History will record that Mitt Romney was a pimple on the ass of American politics: painful while here and forgotten once gone. Now the pustule has resurfaced. As part of his brief "Thank You Tour," Romney is using his appearance on Fox News Sunday to attack President Obama for "berating Republicans and blaming and pointing" over the budget sequester. That takes gall, even from a man who branded 47 percent of voters moochers. After all, candidate Romney wasn't just silent on the Republican debt-ceiling hostage-taking leading up to the August 2011 deal that produced the sequester. As it turns out, his own budget-busting proposals would have produced red ink as far as the eye can see.
In his interview with Chris Wallace set to air on Fox News Sunday, Governor Romney blasted Obama for harsh sequester rhetoric that apparently hurt Republican feelings:
"Well, no one can think that's been a success for the president. He didn't think the sequester would happen. It is happening. But to date, what we've seen is the president out campaigning to the American people, doing rallies around the country, flying around the country, and berating Republicans. And blaming and pointing. Now what does that do? That causes the Republicans to retrench and then put up a wall and fight back. It's a very natural human emotion."
But to the degree that Mitt Romney displays natural human emotion, the one he displayed during the 2011 debt ceiling crisis was fear. After all, while other declared and undeclared GOP candidates like Michele Bachmann, Sarah Palin and Tim Pawlenty echoed the statements of the Republican Default Deniers, Mitt Romney said nothing at all. As Frank Bruni mused in "Mitt Romney's Vanishing Act":
His curious absence through the debt-ceiling showdown even set off a spirited name game in the news media, with different scribes lofting different sobriquets: the missing Mormon, the phantom front-runner and (courtesy of Ben Smith of Politico) a denizen of the Mittness Protection Program.
But you don't have to take the New York Times' word for it. As the GOP's debt ceiling extortion scheme came down to the wire on August 1, 2011, Matt Lewis of the conservative Daily Caller warned that "Romney may pay for going AWOL on debt debate":
"The credit belongs to the man who is actually in the arena," Theodore Roosevelt famously advised. But as is the case with many maxims, there are opposing viewpoints. With the nation deeply embroiled in debt debate, GOP front runner Mitt Romney appears to be following different advice: Keep your head down and your mouth shut.

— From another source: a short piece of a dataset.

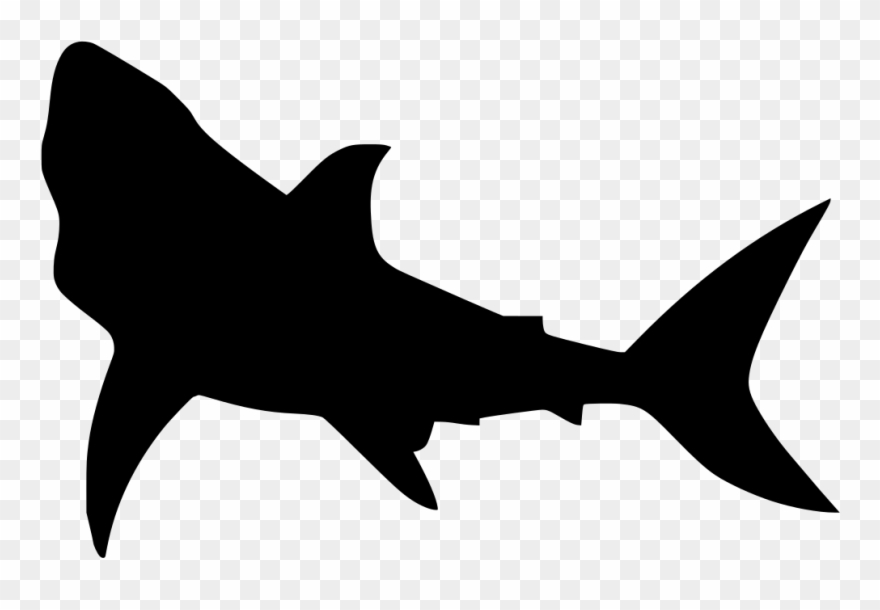 Download Png - Shark Silhouette Transparent Clipart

Red State was harsher still in "Mitt Romney's Debt Ceiling Deception."
As Daniel Horowitz later complained, "While most other Republican leaders were weighing in on the debt ceiling deal throughout July, Romney remained silent in his Mittness Protection Program." And when House Speaker John Boehner dropped his demand that any hike in debt limit must be accompanied by an agreement to "Cut, Cap and Balance" the federal budget, Romney on July 26, 2011 issued only a vague statement of support:
"Gov. Romney thinks President Obama's leadership has been an historic failure. He applauds Leader Boehner for standing firm against raising taxes when our nation can least afford them."
It was only after John Boehner, Mitch McConnell and President Obama reached a compromise with the Budget Control Act of 2011 that Mitt Romney weighed in. Following his fellow Republican candidates pandering to the GOP's Tea Party base, Romney announced he opposed the deal that averted a default on the full faith and credit of the United States. As the Los Angeles Times reported:
"President Obama's leadership failure has pushed the economy to the brink at the eleventh hour and 59th minute," Romney stated. "While I appreciate the extraordinarily difficult situation President Obama's lack of leadership has placed Republican members of Congress in, I personally cannot support this deal"...
In his statement, Romney tried to appeal to conservatives. "As president, my plan would have produced a budget that was cut, capped and balanced - not one that opens the door to higher taxes and puts defense cuts on the table," he stated.
But President Romney wouldn't just have triggered a default by refusing to raise the debt ceiling, his massive tax cut windfall for the wealthy coupled with $2 trillion in new defense spending would have added trillions more to the national debt. Forget "Cut, Cap and Balance."
Mercifully, after his upcoming speech at the Conservative Political Action Conference (CPAC), Americans should be able to forget Mitt Romney for good. And like that annoying zit, it will be as if he was never here.